* [WHAT TO WORK ON]
Copy task for the material below: print the line with "2010 Mercedes-Benz ML 350" and every line after it to the end, exactly as written, without the pictures.

* [RECORDED DATA]
══════════

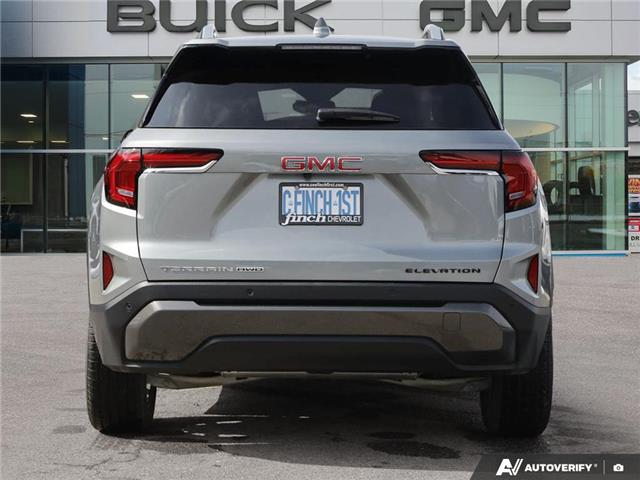 2026 GMC Terrain Elevation (Stk: 174306) in London - Image 5 of 27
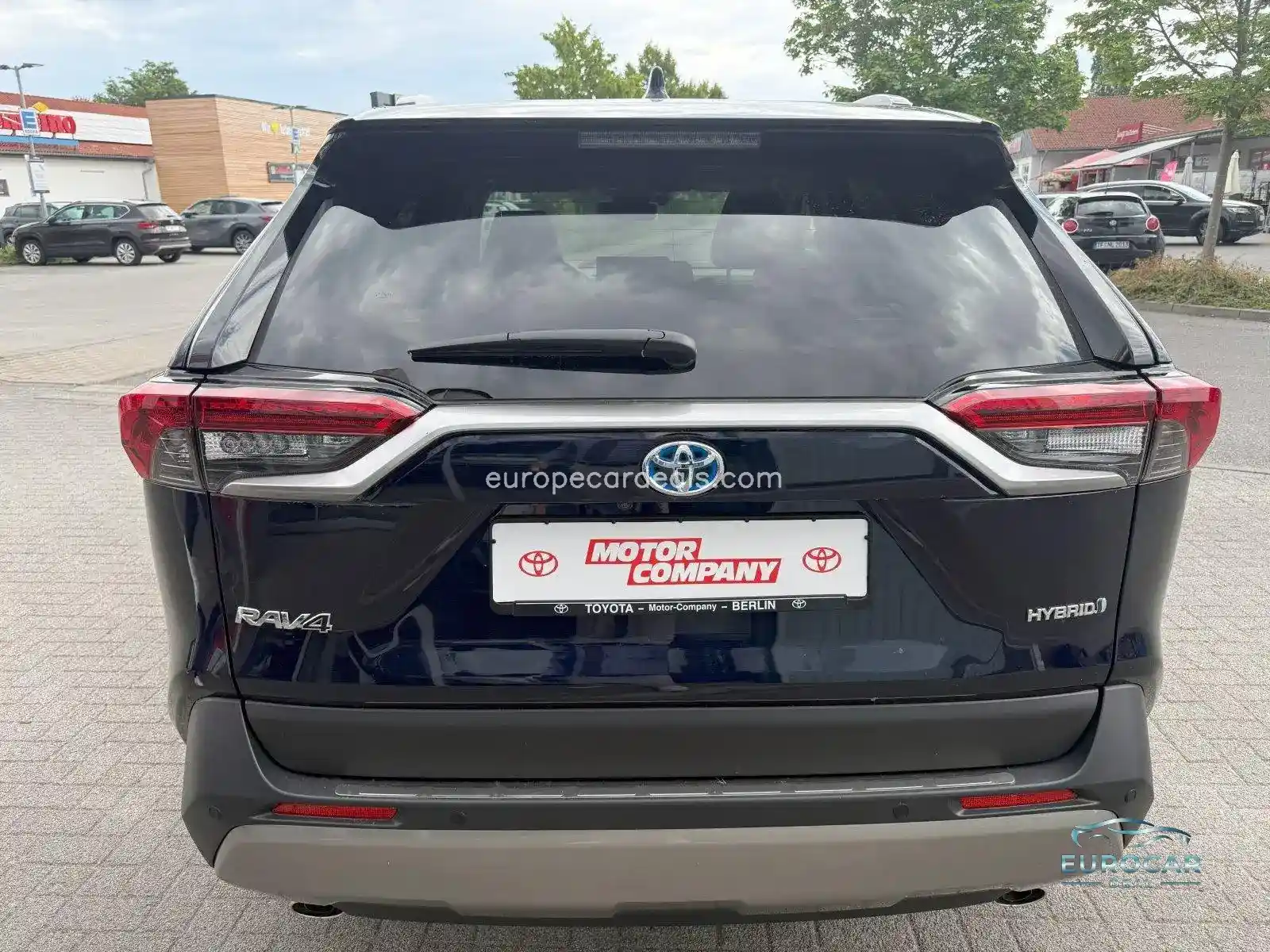 Toyota RAV 4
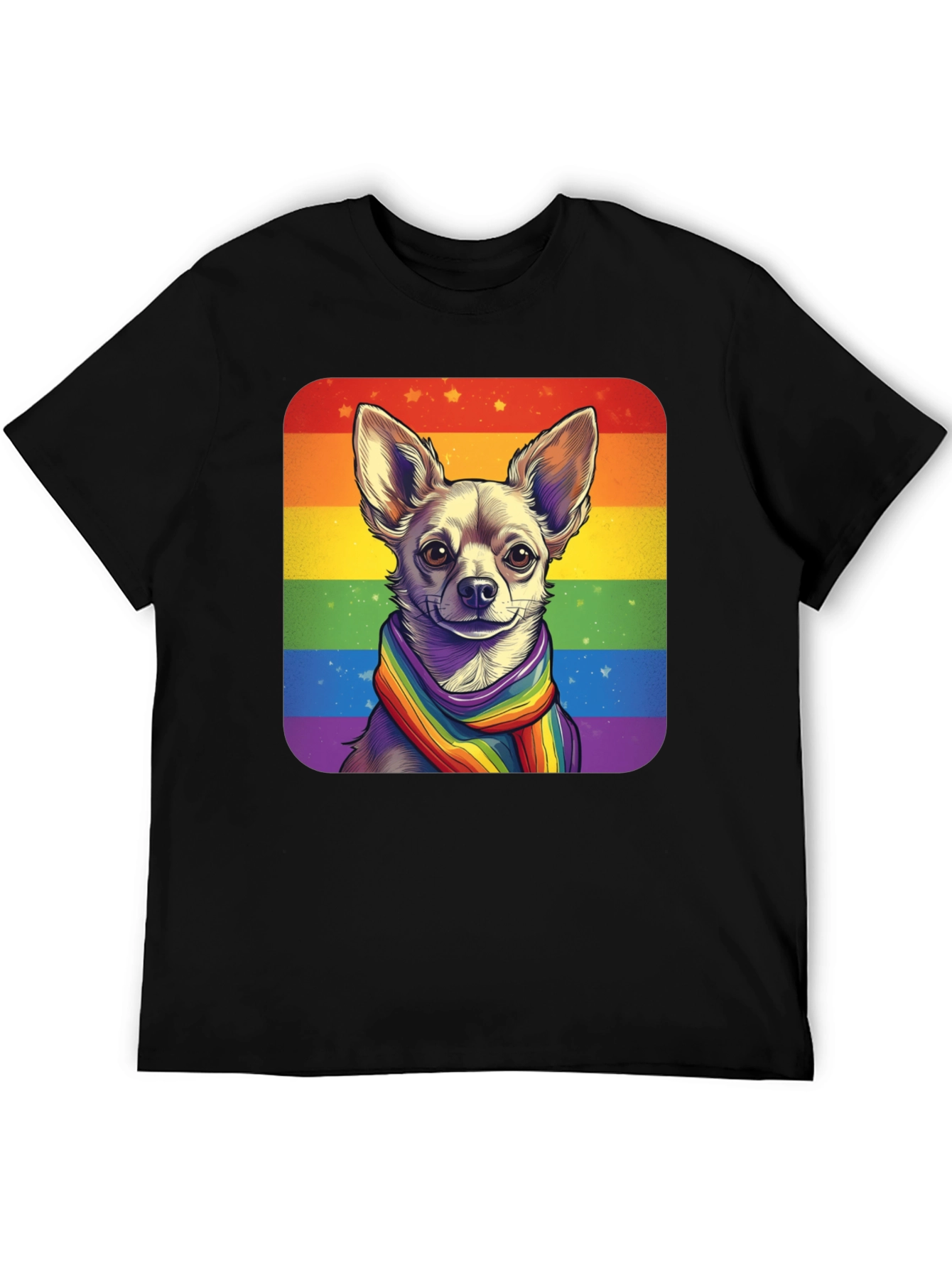 Chihuahua Pride T-Shirt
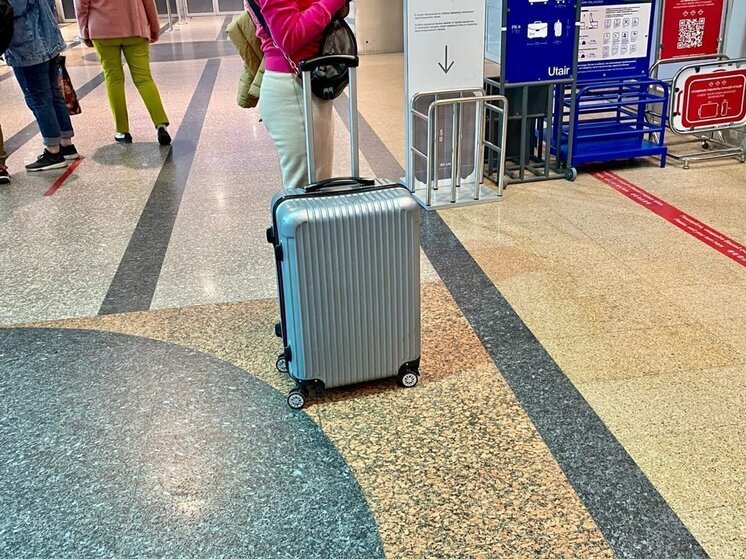 Сборы в путешествие часто превращаются в последний суматошный марафон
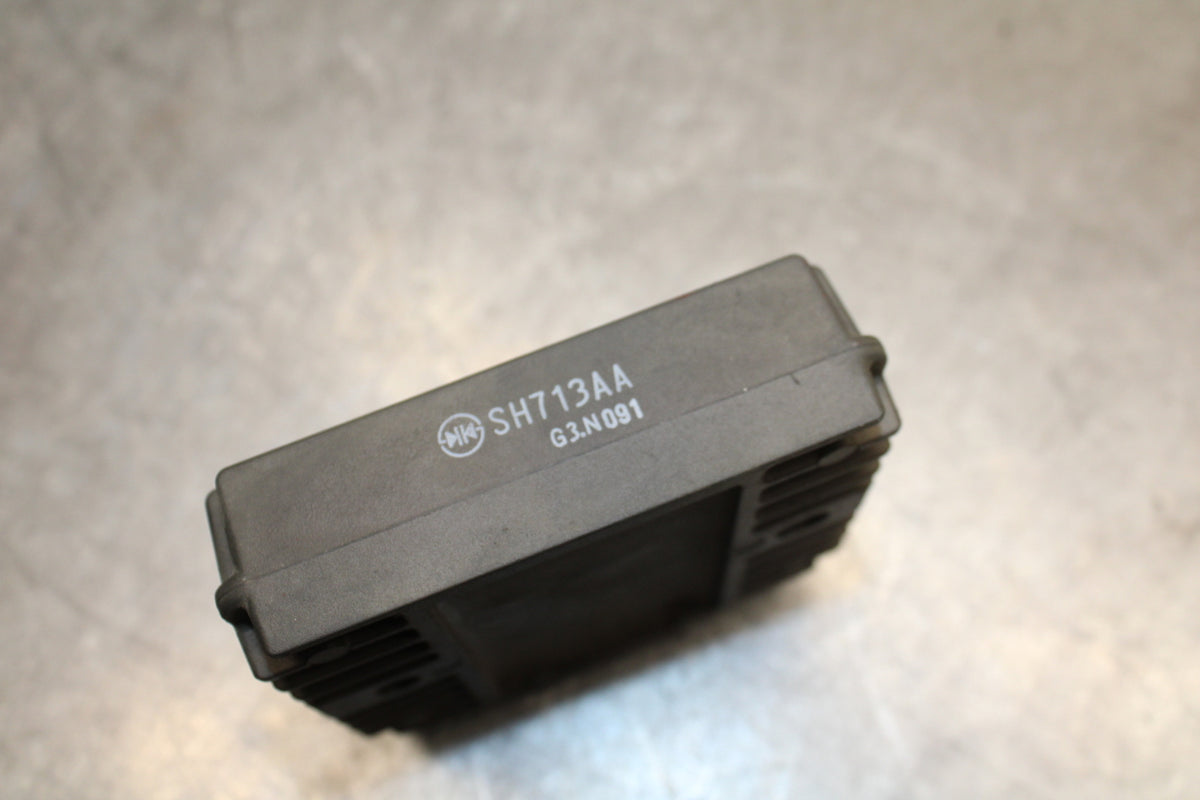 09-15 YAMAHA FZ6R RECTIFIER VOLTAGE REGULATOR 5SL-81960-00-00 BB719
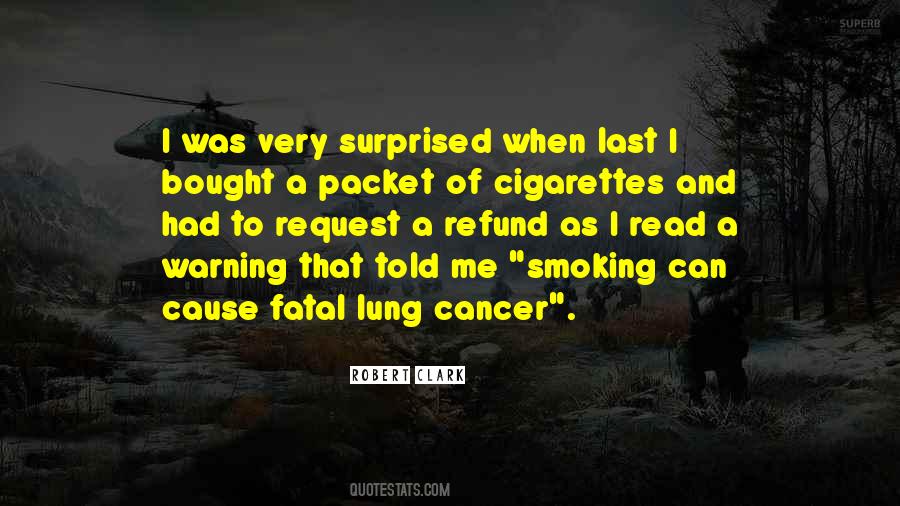 Quotes About Smoking And Health #1495409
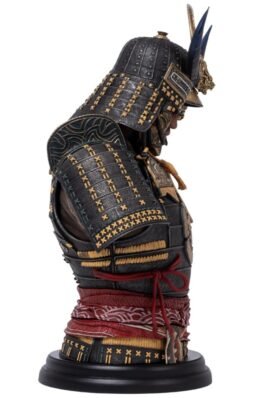 YASUKE – ASSASSIN’S CREED SHADOWS – 1/4 BUST – 23CM – PUREARTS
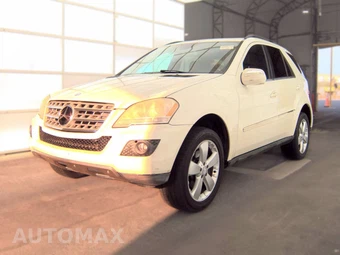2010 Mercedes-Benz ML 350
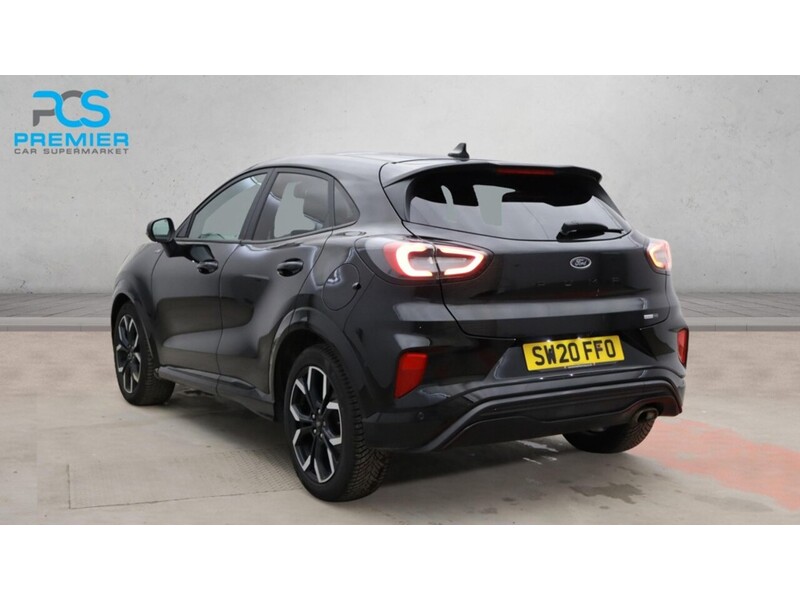 Used Ford Puma 2020 for sale - 78134711: Photo 8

══════════

* [THE ANSWER]
2010 Mercedes-Benz ML 350
 Used Ford Puma 2020 for sale - 78134711: Photo 8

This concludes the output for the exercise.